3

Nubes de incertidumbre en Chile

CAMBRIDGE – Cuando visité Chile este mes, me causó impresión el contraste entre el palpable éxito de sus políticas de libre mercado, aplicadas de manera constante a lo largo de muchos años, y la agenda actual de su presidenta de izquierdas, Michelle Bachelet. El modo como se resuelva este contraste será importante no solamente para los más de 17 millones de habitantes del país, sino para todo aquel que lo considere un modelo de lo que es posible lograr mediante políticas económicas sólidas.

El desempeño económico de Chile ha sido el más sólido de América del Sur. Su PGB per cápita supera los $22.000 en términos de paridad de poder de compra, superior al de Argentina, Brasil y México.

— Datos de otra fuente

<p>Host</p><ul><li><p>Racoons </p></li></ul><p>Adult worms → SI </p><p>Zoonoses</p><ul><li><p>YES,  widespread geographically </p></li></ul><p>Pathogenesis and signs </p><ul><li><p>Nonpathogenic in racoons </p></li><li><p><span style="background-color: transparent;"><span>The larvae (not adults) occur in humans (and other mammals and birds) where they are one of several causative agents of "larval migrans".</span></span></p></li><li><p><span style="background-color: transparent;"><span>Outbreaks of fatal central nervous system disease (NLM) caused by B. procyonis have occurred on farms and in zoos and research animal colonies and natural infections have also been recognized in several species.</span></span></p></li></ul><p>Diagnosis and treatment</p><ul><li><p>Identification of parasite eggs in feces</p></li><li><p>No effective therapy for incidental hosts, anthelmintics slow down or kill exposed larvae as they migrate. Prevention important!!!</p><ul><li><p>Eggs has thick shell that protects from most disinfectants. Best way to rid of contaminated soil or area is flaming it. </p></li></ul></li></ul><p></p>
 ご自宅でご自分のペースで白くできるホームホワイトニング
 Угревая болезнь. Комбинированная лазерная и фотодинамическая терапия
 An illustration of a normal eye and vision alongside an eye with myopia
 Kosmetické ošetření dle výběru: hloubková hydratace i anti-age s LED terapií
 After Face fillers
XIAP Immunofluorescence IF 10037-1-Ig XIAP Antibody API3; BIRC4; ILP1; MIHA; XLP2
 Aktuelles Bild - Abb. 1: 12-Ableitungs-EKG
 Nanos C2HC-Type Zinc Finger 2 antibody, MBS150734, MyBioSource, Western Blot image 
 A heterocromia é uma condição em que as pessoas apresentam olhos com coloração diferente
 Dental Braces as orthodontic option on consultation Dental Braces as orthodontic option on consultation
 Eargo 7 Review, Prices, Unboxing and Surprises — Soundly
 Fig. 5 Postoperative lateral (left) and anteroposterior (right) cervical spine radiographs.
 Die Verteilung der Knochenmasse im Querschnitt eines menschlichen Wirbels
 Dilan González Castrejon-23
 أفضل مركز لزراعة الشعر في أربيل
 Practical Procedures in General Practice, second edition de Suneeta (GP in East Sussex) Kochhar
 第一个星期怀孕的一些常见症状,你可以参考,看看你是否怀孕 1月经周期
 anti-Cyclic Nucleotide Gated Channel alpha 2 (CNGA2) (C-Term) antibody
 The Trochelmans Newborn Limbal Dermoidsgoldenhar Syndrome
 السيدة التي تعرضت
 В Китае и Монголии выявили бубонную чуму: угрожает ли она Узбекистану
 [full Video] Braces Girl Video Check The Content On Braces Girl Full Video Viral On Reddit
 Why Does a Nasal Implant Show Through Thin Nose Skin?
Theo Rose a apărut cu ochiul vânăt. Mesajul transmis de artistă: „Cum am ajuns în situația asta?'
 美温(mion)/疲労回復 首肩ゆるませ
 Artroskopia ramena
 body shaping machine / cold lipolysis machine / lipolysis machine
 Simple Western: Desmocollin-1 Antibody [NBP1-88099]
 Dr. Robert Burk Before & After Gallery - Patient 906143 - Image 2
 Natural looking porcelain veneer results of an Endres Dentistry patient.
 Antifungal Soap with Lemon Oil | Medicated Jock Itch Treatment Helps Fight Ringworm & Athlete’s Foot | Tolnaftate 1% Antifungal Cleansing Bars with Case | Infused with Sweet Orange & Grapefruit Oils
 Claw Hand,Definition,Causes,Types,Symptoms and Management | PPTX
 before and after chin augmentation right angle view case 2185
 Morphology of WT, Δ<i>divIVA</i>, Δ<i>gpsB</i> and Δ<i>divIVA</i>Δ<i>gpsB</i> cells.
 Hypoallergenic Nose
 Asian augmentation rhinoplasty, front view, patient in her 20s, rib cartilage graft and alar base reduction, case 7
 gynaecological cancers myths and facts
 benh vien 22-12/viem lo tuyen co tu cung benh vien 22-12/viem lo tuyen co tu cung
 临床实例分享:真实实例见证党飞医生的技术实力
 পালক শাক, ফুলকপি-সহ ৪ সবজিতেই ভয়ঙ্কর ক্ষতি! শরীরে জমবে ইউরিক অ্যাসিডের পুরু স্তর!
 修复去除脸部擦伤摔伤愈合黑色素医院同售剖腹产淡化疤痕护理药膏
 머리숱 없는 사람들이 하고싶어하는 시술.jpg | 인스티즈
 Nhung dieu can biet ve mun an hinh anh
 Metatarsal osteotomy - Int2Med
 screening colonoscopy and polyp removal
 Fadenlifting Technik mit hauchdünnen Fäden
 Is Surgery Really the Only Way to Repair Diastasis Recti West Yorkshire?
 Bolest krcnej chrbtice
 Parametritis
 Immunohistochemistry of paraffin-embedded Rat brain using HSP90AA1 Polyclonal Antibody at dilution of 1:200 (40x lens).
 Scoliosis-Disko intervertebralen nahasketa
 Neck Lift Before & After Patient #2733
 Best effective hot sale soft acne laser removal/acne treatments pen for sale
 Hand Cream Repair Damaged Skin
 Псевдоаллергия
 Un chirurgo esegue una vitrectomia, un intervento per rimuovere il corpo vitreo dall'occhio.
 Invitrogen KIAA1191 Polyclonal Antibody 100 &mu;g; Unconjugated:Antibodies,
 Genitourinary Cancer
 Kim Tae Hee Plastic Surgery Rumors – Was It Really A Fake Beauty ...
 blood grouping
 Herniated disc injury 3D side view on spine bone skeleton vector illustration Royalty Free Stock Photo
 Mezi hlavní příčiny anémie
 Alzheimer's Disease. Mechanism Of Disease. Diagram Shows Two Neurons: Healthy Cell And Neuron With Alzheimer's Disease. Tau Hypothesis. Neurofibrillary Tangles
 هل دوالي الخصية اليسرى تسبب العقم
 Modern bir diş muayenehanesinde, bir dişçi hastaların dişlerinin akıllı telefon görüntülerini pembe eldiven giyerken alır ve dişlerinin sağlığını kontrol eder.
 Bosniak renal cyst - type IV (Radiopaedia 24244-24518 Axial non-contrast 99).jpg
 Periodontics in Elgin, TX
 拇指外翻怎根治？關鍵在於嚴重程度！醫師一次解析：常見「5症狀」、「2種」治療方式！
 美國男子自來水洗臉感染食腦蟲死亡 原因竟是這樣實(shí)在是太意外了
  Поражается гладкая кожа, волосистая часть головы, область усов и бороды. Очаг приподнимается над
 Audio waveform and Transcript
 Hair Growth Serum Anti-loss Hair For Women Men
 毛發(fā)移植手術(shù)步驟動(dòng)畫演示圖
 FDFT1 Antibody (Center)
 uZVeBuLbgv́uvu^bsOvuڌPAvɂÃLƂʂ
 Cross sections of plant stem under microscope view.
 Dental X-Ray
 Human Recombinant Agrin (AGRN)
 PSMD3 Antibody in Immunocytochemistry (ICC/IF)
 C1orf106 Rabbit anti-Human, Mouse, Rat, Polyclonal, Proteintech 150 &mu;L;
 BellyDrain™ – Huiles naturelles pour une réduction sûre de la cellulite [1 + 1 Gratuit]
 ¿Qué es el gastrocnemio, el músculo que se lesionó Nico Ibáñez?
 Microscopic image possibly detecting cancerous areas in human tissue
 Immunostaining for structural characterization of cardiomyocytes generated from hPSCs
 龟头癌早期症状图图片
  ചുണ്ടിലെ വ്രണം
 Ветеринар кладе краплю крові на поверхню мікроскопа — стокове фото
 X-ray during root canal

No es de sorprender que se lo considere un país desarrollado; de hecho, es el único miembro sudamericano de la OCDE.

El cobre es el principal producto de Chile y representa la mitad de sus exportaciones. Aunque el estado es propietario de Codelco, el mayor productor mundial de este metal, se trata de la única empresa de propiedad pública del país. Sus ingresos varían según el precio global del cobre, produciendo utilidades mayores en algunos años y menores cuando éste disminuye (por ejemplo, este año). El gobierno sigue una sensata estrategia fiscal que apunta a superávits presupuestarios en los años de altos ingresos por el cobre, y los fondos adicionales se canalizan a un fondo de estabilización nacional.

Incluso cuando el precio del cobre está bajo, el déficit presupuestario de Chile es sólo un 2% del PIB. Como resultado de la cautelosa estrategia fiscal del país, tiene una deuda pública de apenas un 16% del PGB, y la más alta calificación de la deuda soberana de América del Sur.